* _AIM OF THE TASK_: Beginning with the line that holds "The term linkage", output every remaining line of the material below exactly, and include none of the pictures.

::: AVAILABLE DATA

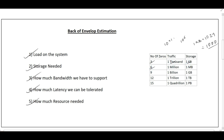For three zeros: in traffic it's one thousand, in storage it refers to 1 KB. For six zeros: in traffic it's one million, in storage it's 1 MB. For nine zeros: in traffic it's one billion, in storage it's 1 GB. For twelve zeros: in traffic it's one trillion, in storage it's 1 TB. For fifteen zeros: in traffic it's one quadrillion, and in storage it's 1 petabyte.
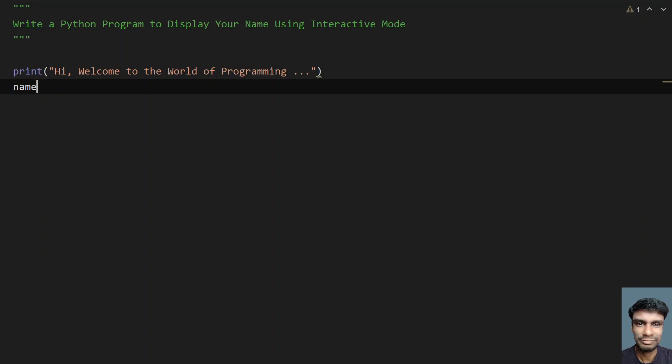Here let's take a variable name and ask a user to enter their name. Let me use the input function call and say please enter your name.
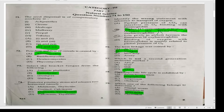The term linkage was coined by Morgan, which is not a second-generation molecular marker — STS. Diplohaplodic life cycle is exhibited by Polysiphonia.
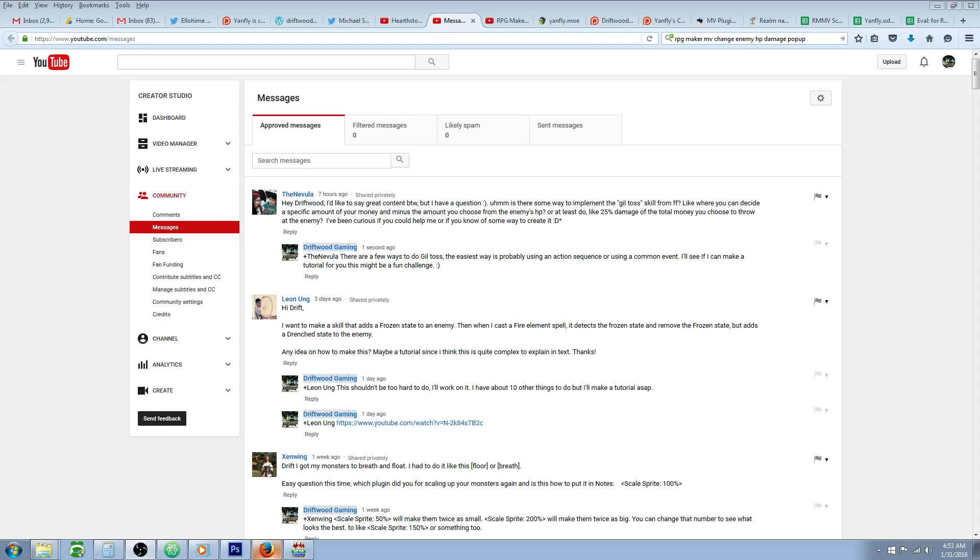Hello everybody, Drifty here from Driftwood Gaming and in this special request RPG Maker MV Tutorial, I'm going to help The Nebula with a Gil Toss skill.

::::::

* _RESULT OF THIS EXERCISE_:
The term linkage was coined by Morgan, which is not a second-generation molecular marker — STS. Diplohaplodic life cycle is exhibited by Polysiphonia.
Hello everybody, Drifty here from Driftwood Gaming and in this special request RPG Maker MV Tutorial, I'm going to help The Nebula with a Gil Toss skill.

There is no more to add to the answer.